§ **GOAL OF THE EXERCISE**
Within the records below is a range that opens at the line with "Amante de Girafa Girafa Adorável (Frente)" and closes at the line with "Producto - Campera". Return that range word for word, both ends included, and only that range.

Records drawn from a dataset
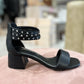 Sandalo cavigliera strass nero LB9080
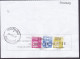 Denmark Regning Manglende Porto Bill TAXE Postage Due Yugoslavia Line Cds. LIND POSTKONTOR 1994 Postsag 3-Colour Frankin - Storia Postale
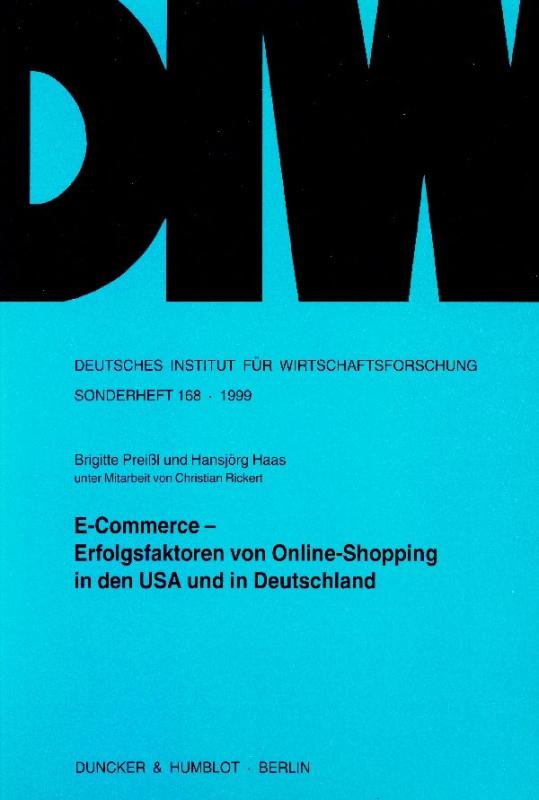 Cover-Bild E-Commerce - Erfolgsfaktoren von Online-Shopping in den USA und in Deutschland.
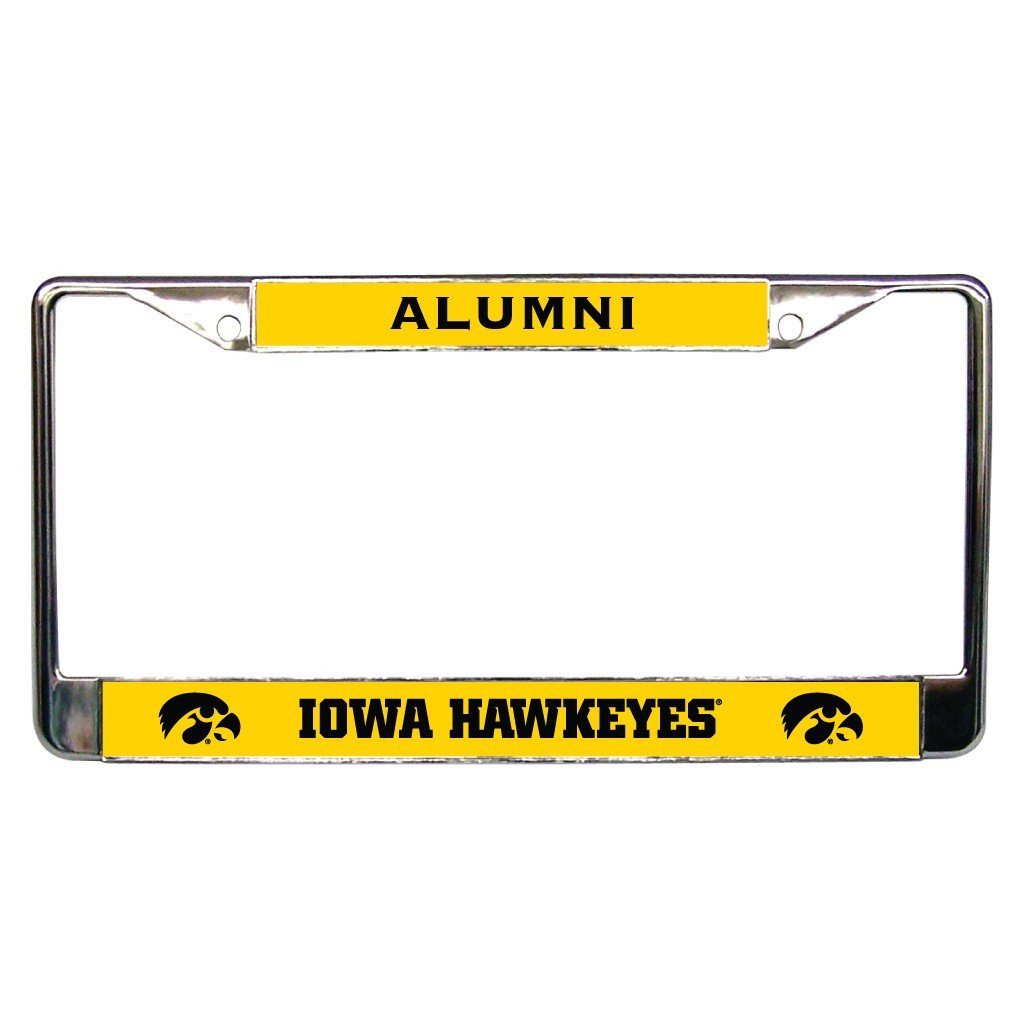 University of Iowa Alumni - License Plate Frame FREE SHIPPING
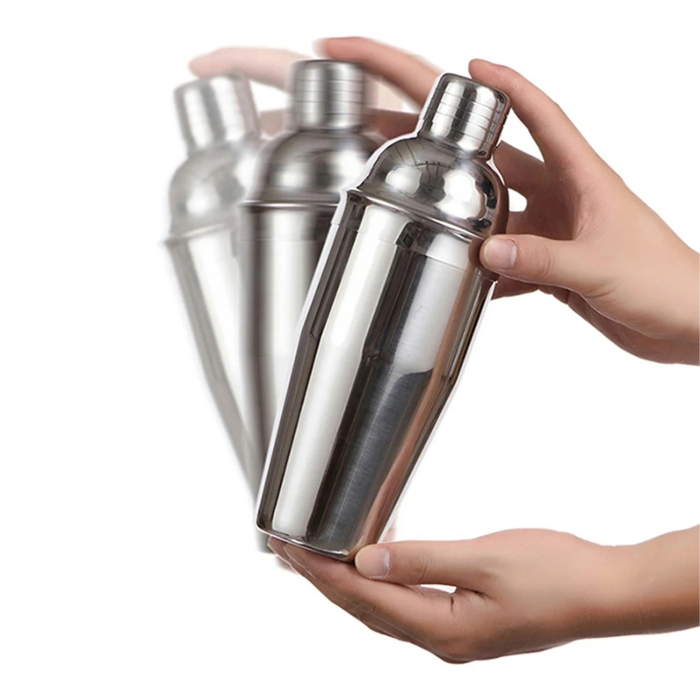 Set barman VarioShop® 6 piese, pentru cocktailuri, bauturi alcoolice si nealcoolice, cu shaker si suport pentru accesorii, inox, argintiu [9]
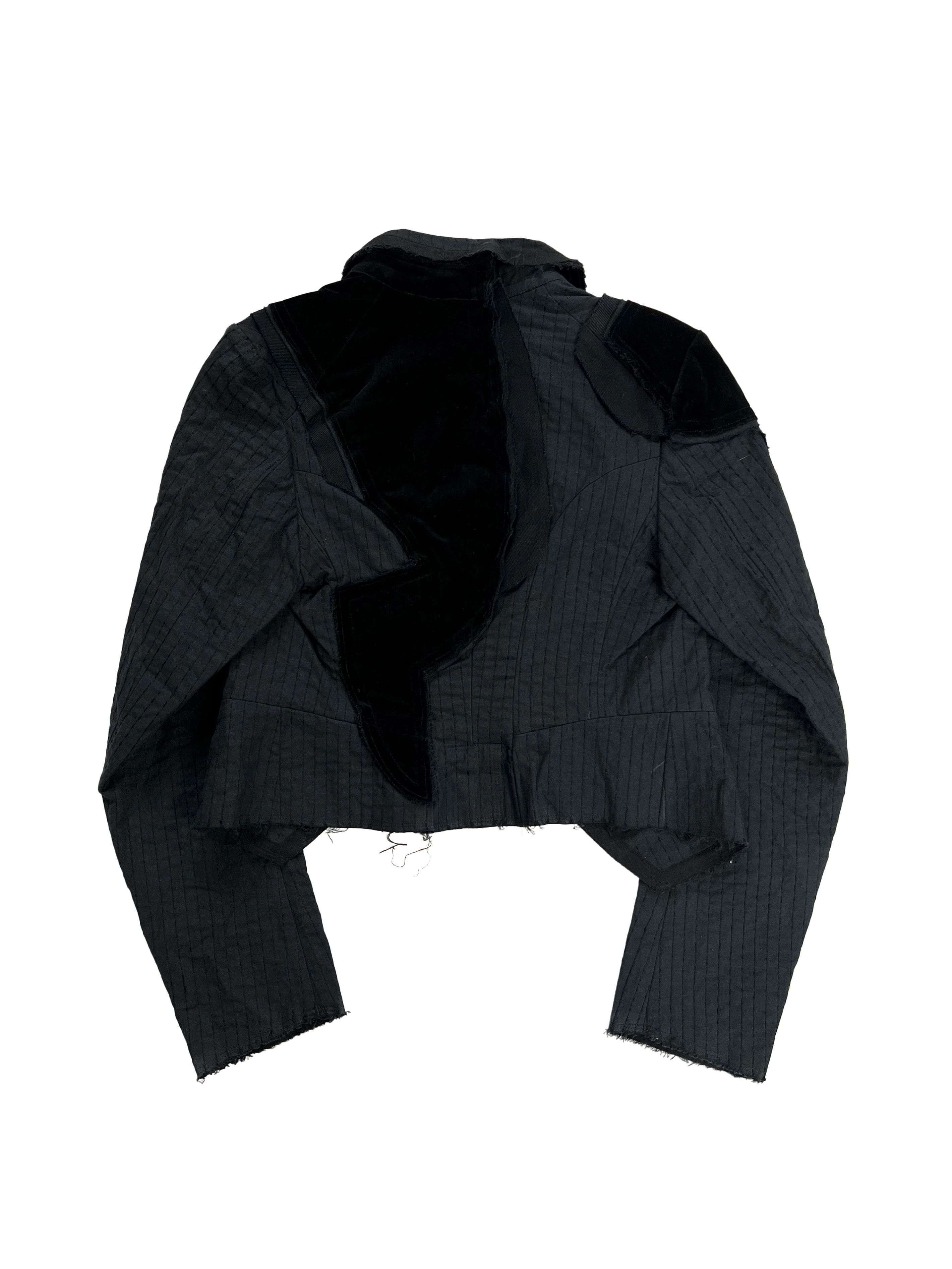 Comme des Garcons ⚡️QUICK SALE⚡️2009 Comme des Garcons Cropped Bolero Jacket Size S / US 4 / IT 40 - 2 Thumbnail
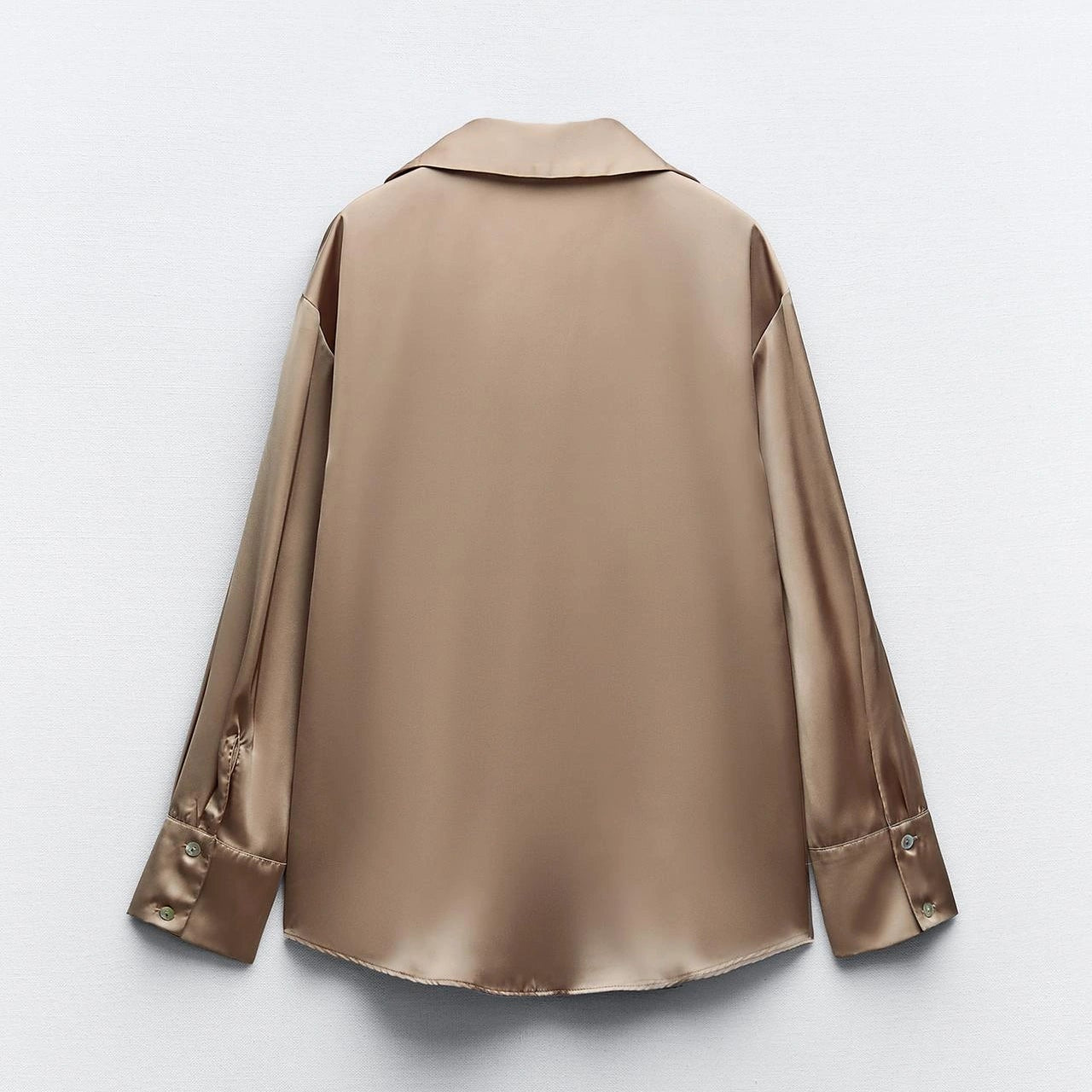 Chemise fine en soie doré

---

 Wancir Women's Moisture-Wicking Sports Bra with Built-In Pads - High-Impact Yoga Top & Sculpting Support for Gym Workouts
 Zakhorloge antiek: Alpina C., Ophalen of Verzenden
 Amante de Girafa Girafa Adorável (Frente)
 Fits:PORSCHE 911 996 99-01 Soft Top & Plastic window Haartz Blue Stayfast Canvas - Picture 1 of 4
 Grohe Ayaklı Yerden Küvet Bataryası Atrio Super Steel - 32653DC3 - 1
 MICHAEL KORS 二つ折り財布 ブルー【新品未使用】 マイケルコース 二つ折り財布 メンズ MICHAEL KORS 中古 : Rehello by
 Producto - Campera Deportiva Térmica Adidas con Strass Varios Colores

§ **RESPONSE**
 Amante de Girafa Girafa Adorável (Frente)
 Fits:PORSCHE 911 996 99-01 Soft Top & Plastic window Haartz Blue Stayfast Canvas - Picture 1 of 4
 Grohe Ayaklı Yerden Küvet Bataryası Atrio Super Steel - 32653DC3 - 1
 MICHAEL KORS 二つ折り財布 ブルー【新品未使用】 マイケルコース 二つ折り財布 メンズ MICHAEL KORS 中古 : Rehello by
 Producto - Campera Deportiva Térmica Adidas con Strass Varios Colores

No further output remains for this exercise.